Another key aspect of the system: the seeding/at-large selection process ignores non-conference losses. You get rewarded for the quality of your wins, but the only penalty for losing is the loss of whatever points you would have gotten for winning.
2. No I-AA games.
Period.
3. No more than one guarantee game per year.
One preseason-type opener against a team that's going to get whacked is fine, but any more than that is a tedious waste of time and fan money.

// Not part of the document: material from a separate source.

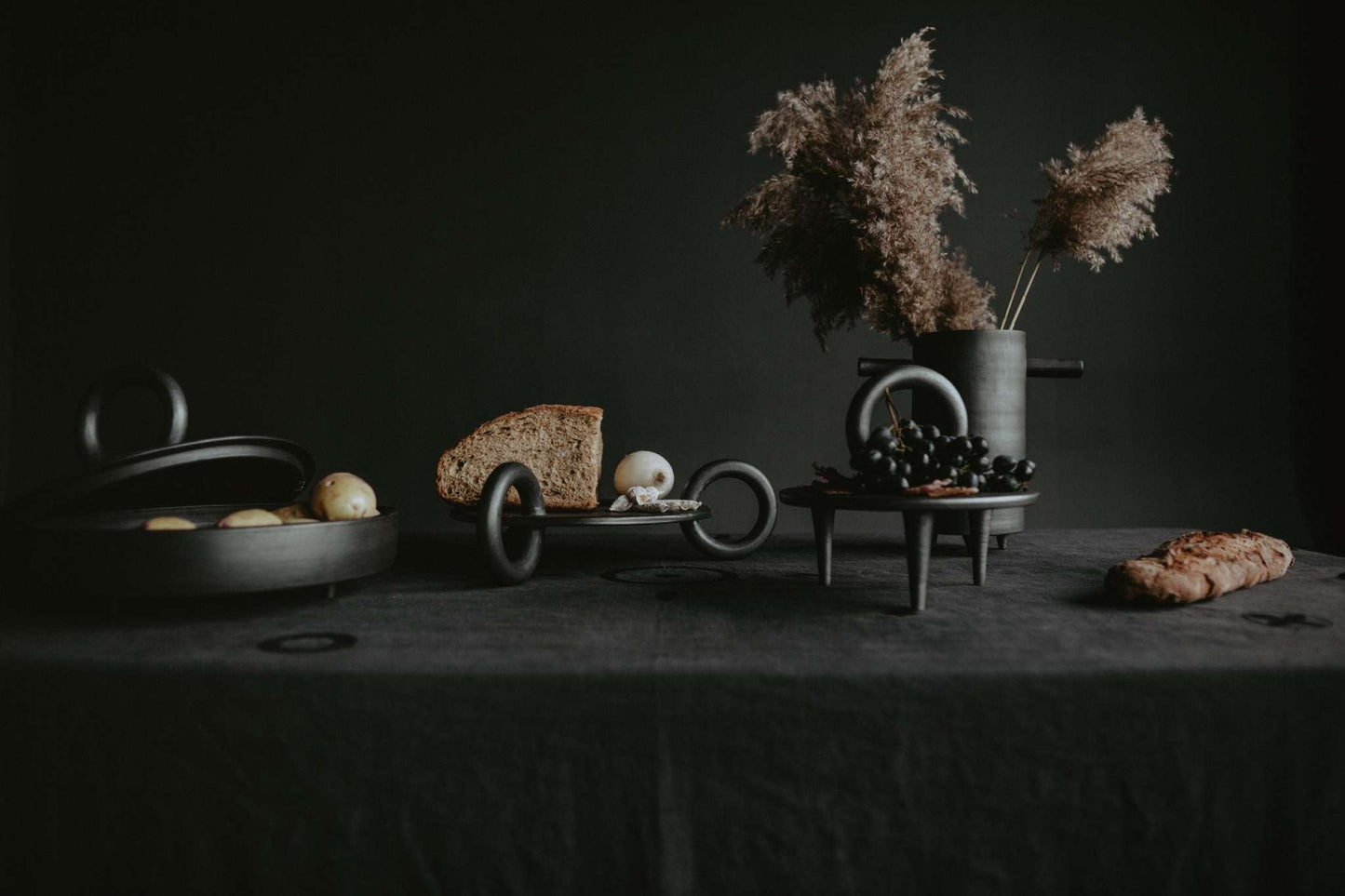Large Serving Platter Guculia. Trinity with bread, grapes, and a pampas grass vase on a dark table.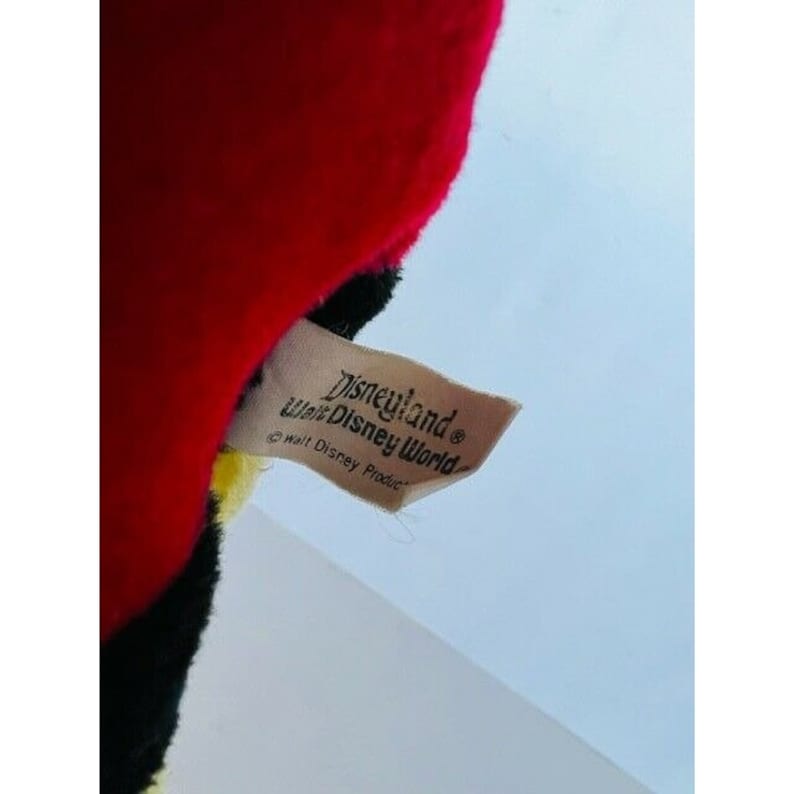 Puede incluir: Una etiqueta marr&oacute;n con el texto "Disneyland Walt Disney World" y un s&iacute;mbolo de copyright. La etiqueta est&aacute; unida a un juguete de peluche rojo, negro y amarillo.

4. Drop the Sun Belt to I-AA.
What is the point of that conference other than to supply vastly incompetent refereeing to Alamo Bowls? Not a single team in it has ever or ever will do anything other than get waxed by real I-A teams. Someone should do them a favor, kill their I-A aspirations, and save those schools a heap of money.
5. Tweak OT.
Though it does do a much better job of simulating actual football (the NFL version doesn't care whether you score a touchdown or not), placing the ball at the 25 offers a makeable field goal without gaining any yards. To cut down on excessively long OT sessions the ball should be placed on the 35 and you should have to go for two after the second OT period; after four OTs it's a tie.
6. Fix the fumble-out-of-endzone rule.
Probably the strangest rule in football is that a fumble that goes out of the endzone you'd like to reach is a turnover and a touchback. On all other fumbles that leave the field of play, the offense retains. A fumble that goes out of the endzone should be brought back to the point of the fumble.
7. Add a flagrant pass interference foul.
It only happens occasionally, but when it does it's irritating: a defensive back beat deep sees a choice between a touchdown and a 15-yard penalty, chooses the penalty, and tackles the receiver. Equally irritating is watching NFL games decided by an extremely tenuous bit of hand-fighting or incidental contact adjudged to be a 55-yard pass interference penalty. It's like making all facemask penalties 5 or 15 yards. Football should give refs discretion in these potentially game-changing situations.
8. Implement NFL-style challenges.
...because clearly the replay officials are not up to the task. Either that or automatically replay all important plays that are remotely questionable.
And while we're at it, could we get some replay officials that, you know, know the rules of football? Twice last year Michigan was robbed when obvious non-fumbles were judged to be turnovers by replay officials. Even more egregious than the Peko "fumble return" was the Bass play in the Iowa game, which was correctly ruled on the field and then overturned despite clear visual evidence that the ball did not come out until Bass' elbow impacted the ground.
9. Crack down on this facilities ridiculousness.
This is impossible to enforce, but marble lockerrooms full of PS6s are a bit much.
10. Assign Mark May and Lou Holtz to the WNBA.
Orson Swindle, Ian from Sexy Results, and SMQB are the new studio team.